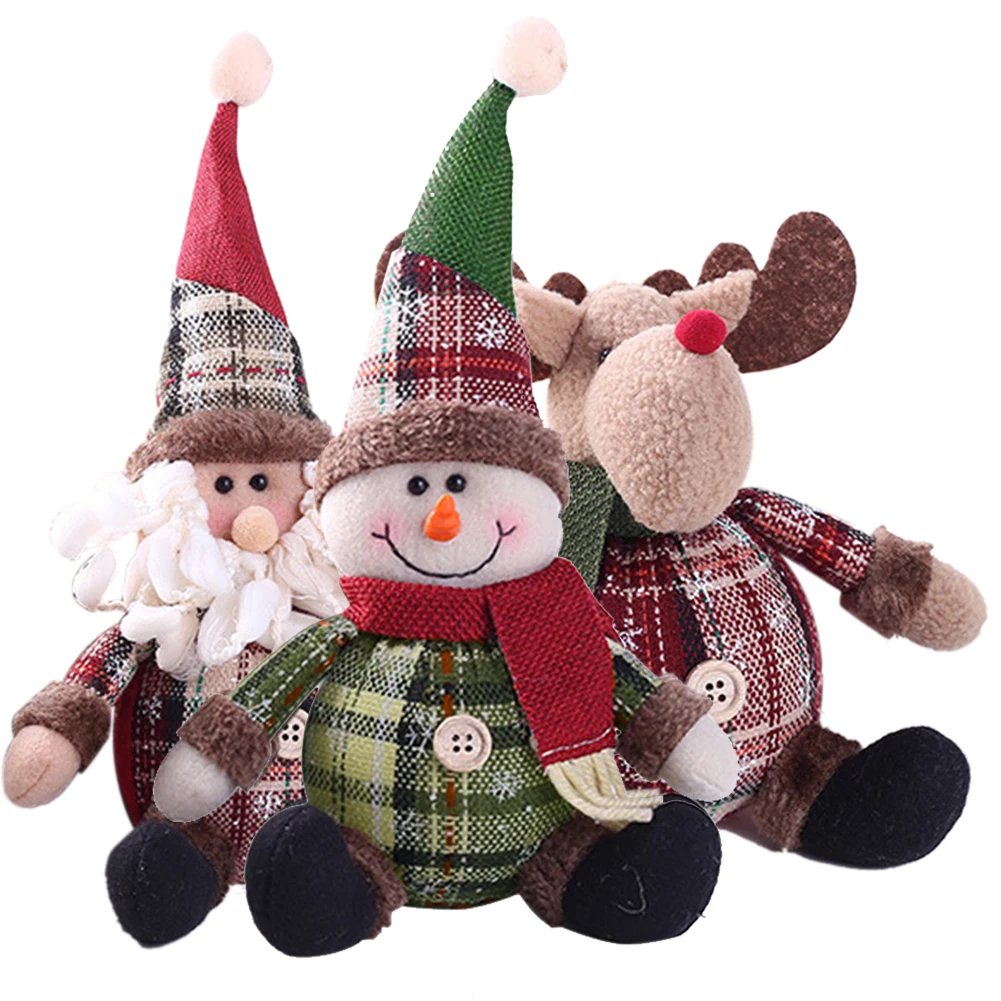 Christmas Santa Claus Snowman Dolls 2025 New Year Ornament Elk Doll Decoration Merry Christmas Party Gifts 2024Xmas Navidad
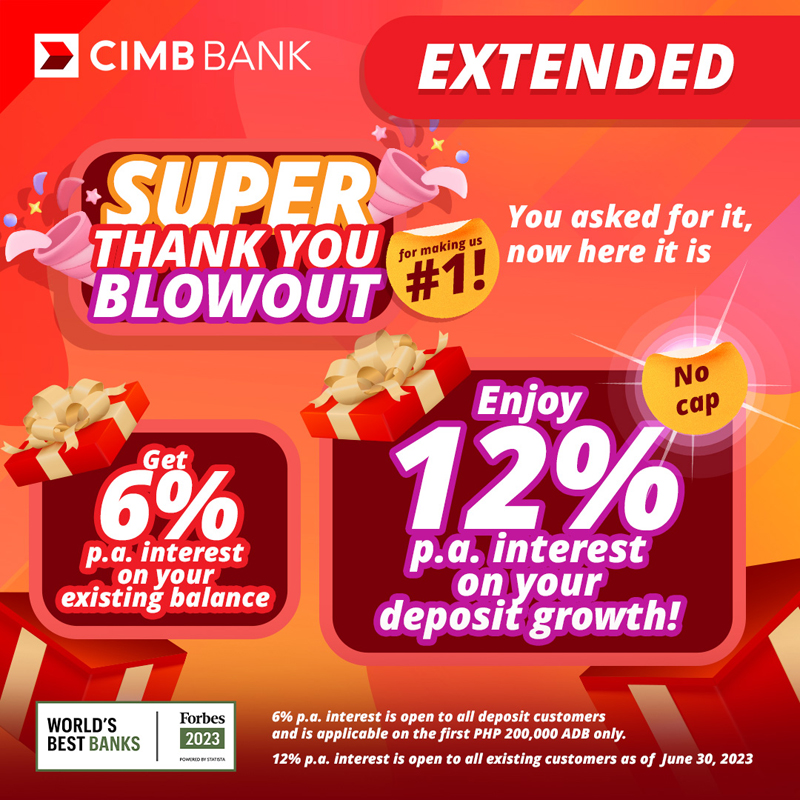CIMB Bank PH extends its highest interest rate of 12% for deposit customers
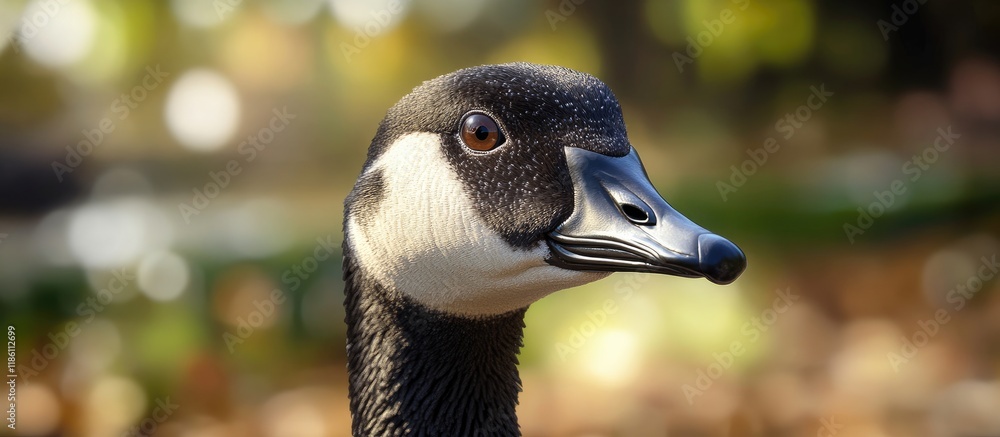 Poster close up of a hawaiian goose branta sandvicensis. with copy space image. place for adding text or de
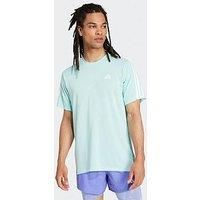 adidas Own The Run 3 Stripes Short Sleeve T-Shirt S Green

What this task involves ::
Copy the listing above in full and exactly, but omit each picture that it holds.

Output ::
 Christmas Santa Claus Snowman Dolls 2025 New Year Ornament Elk Doll Decoration Merry Christmas Party Gifts 2024Xmas Navidad
CIMB Bank PH extends its highest interest rate of 12% for deposit customers
 Poster close up of a hawaiian goose branta sandvicensis. with copy space image. place for adding text or de
 adidas Own The Run 3 Stripes Short Sleeve T-Shirt S Green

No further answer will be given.